Actually, the broad reversal in "de-listing" the array of organisms you list as vermin is the direct result of hundreds of study outcomes that employed the ScientIfic Method" of hypothesis testing, along with biometric statistical techniques employed to set acceptance or rejection parameters on the pre-formed hypotheses, that underscored that these organisms evolved on the landscape with specific functional roles that not only diversified the species array in these habitats, but also stabilized numeric fluctuations through time. 

No,once again, the outcome IS what it is. The study was designed to assess annual and seasonal whitetail deer predation losses on those herd segments that have the most marked impact on herd growth rates- fawns and adult does in a low snowfall landscape. Did you read any statement regarding assessing interaction of predators with agricultural operations ANYWHERE in the Study design?

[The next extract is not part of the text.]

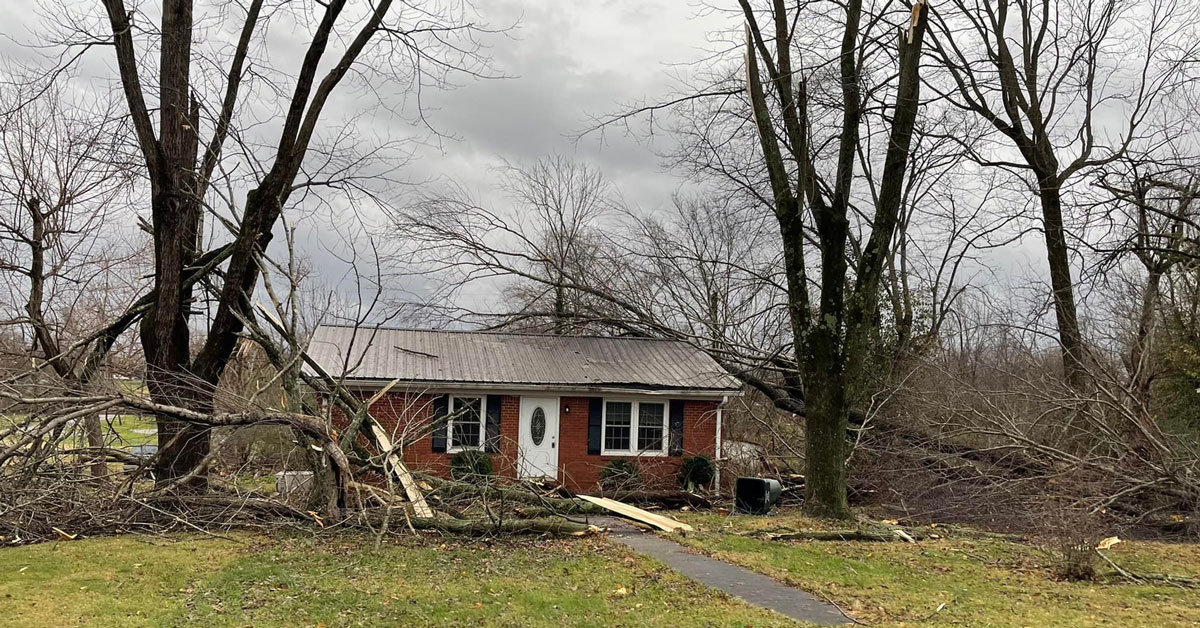 Fallen trees in front of a home in Pembroke, one of the areas hit hardest by the storms. (Pembroke Fire Department photo)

If you can't grasp that basic concepts, I can't help you.


----------



## Waif (Oct 27, 2013)

Wolves are opportunistic.
As with coyotes they will scavenge. It's an economy of caloric consumption.
Does not void prey drive though.
If it did then controlled feeding of them would be a viable option but it does not.
Cattle feed lots are a source of attraction due to long ranging scent(no dead carcass required) and if nothing else , choice poop to snack on. Prey drive required to survive though so blood must be shed eventually.

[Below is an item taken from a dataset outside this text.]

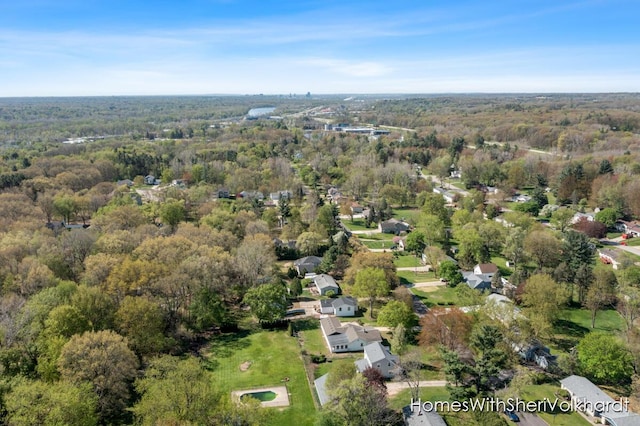 aerial view of property and surrounding area with a forest and nearby suburban area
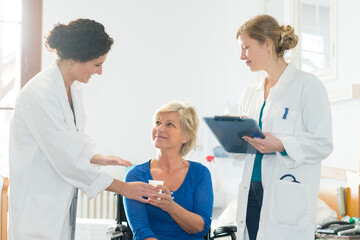 Obraz premium nurse passing drink to mature lady in wheelchair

Canines are interesting.. but human society and tolerance for wild packs had been resolved where social groups were established. Till conflicts were forgotten and the concept of tolerating them in some one else's back yard became the rage.
What use or possible support for a farmer could be expected from those who promote having wolves is beyond me.
While no fan of coyotes being I raise a smaller breed of canine , I continue to have no interest in tolerating them as competition for deer either. Our hunting has often been justified by our having replaced those predators. 
When they are near as heard at night , I put the coyote watch note on the door to the fenced yard to remind it is rifle time.
Yet other breeders in multiple states have lost dogs both when watching them or no yotes were suspected..good luck offering equal/adequate compensation for their loss if a coyote or wolf took their pet and telling them it is simply the natural order of things as they should be.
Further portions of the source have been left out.